Padang (ANTARA) - Kepala Kepolisian Daerah Sumatra Barat (Sumbar) Irjen Pol Gatot Tri Suryanta menghadirkan Program Siswa Sahabat Kapolda untuk mecegah tawuran serta balap liar di kalangan pelajar.
"Program ini hadir untuk meluaskan kampanye dan menanamkan sikap anti tawuran dan balap liar di kalangan pelajar di Sumbar," kata Gatot di Padang, Selasa.
Ia mengatakan program telah dikenalkan secara resmi pada Senin (10/2) dengan mengundang puluhan pelajar ke Kantor Polda Sumbar di Padang.
Tidak hanya pelajar tingkat SMP, SMA, dan SMK di Kota Padang, pertemuan itu juga turut mengundang perwakilan Kepala Sekola serta guru.
Gatot menilai kampanye anti tawuran dan balap liar perlu terus digaungkan di kalangan generasi muda, khususnya di Kota Padang.
Hal itu sesuai dengan misi ia canangkan sebelumnya yakni menjadikan Sumbar bebas dari aksi tawuran dan balap liar atau disebut sebagai "Zero Tawuran dan Balap Liar".
Jika menilik ke belakang, tawuran dan balap liar memang dijadikan salah satu fokus utama Jenderal bintang dua itu sejak ia bertugas sebagai Kapolda Sumbar pada Januari 2025.
Hanya saja Gatot menegaskan tujuannya bukanlah sebatas mewujudkan misi saja, namun lebih luas daripada itu yakni menghadirkan rasa aman di tengah masyarakat.
Pasalnya, aksi tawuran maupun balap liar telah menjadi momok yang meresahkan masyarakat di provinsi setempat dalam beberapa tahun terakhir, terutama di Kota Padang.

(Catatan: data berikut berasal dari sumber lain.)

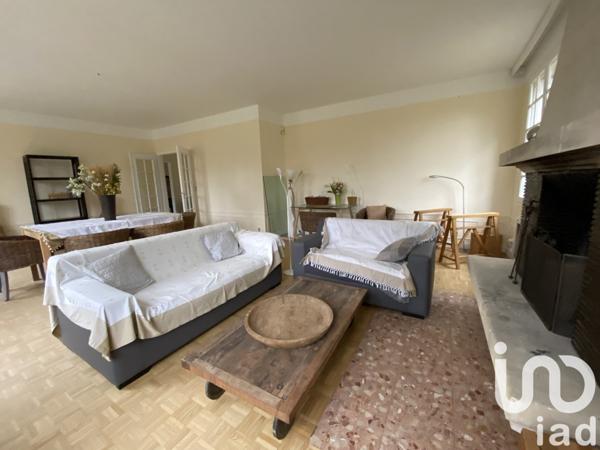 Maison 7 pièces de 242 m² à Saint-Pierre-lès-Nemours (77140)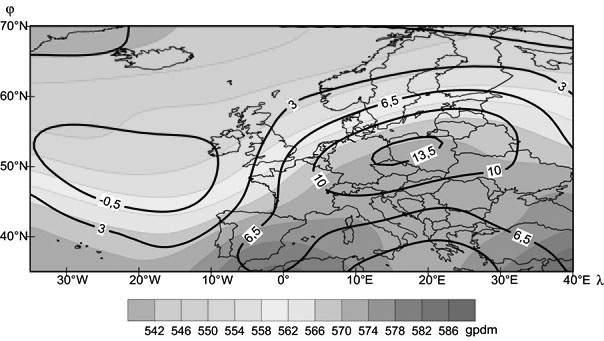 Warunki meteorologiczne w Lublinie podczas wyjątkowo uciążliwej fali upałów... 243 Rys. 3.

Gatot menegaskan tawuran merupakan bentuk perbuatan kekerasan yang wajib dihindari dan tidak boleh lagi terjadi.
“Ini terjadi karena perselisihan atau kesalahpahaman antar sekolah sehingga terjadinya aksi balas dendam dan melakukan tawuran bahkan ada yang menggunakan senjata tajam," katanya.
Ia juga mengatakan aksi tawuran bisa menimbulkan kerugian materi, fisik, bahkan bisa menghilangkan nyawa seperti rekam jejak kasus yang pernah terjadi di Padang.
Sedangkan balap liar yang kerap terjadi di malam hari, lanjutnya, hanya akan merugikan diri sendiri dan orang lain.
Aksi balapan liar ini dapat menyebabkan kecelakaan lalu lintas karena menggunakan kendaraan yang berkecepatan tinggi, sehingga memicu resiko terjadinya kecelakaan.
“Balapan liar juga bisa juga menyebabkan terjadinya penganiayaan terhadap sesama teman karena adanya perselisihan dan rasa tidak senang,” lanjutnya
Gatot mengatakan kegiatan edukasi serta sosialisasi akan terus dilakukan oleh Polda Sumbar secara berkelanjutan kepada pelajar.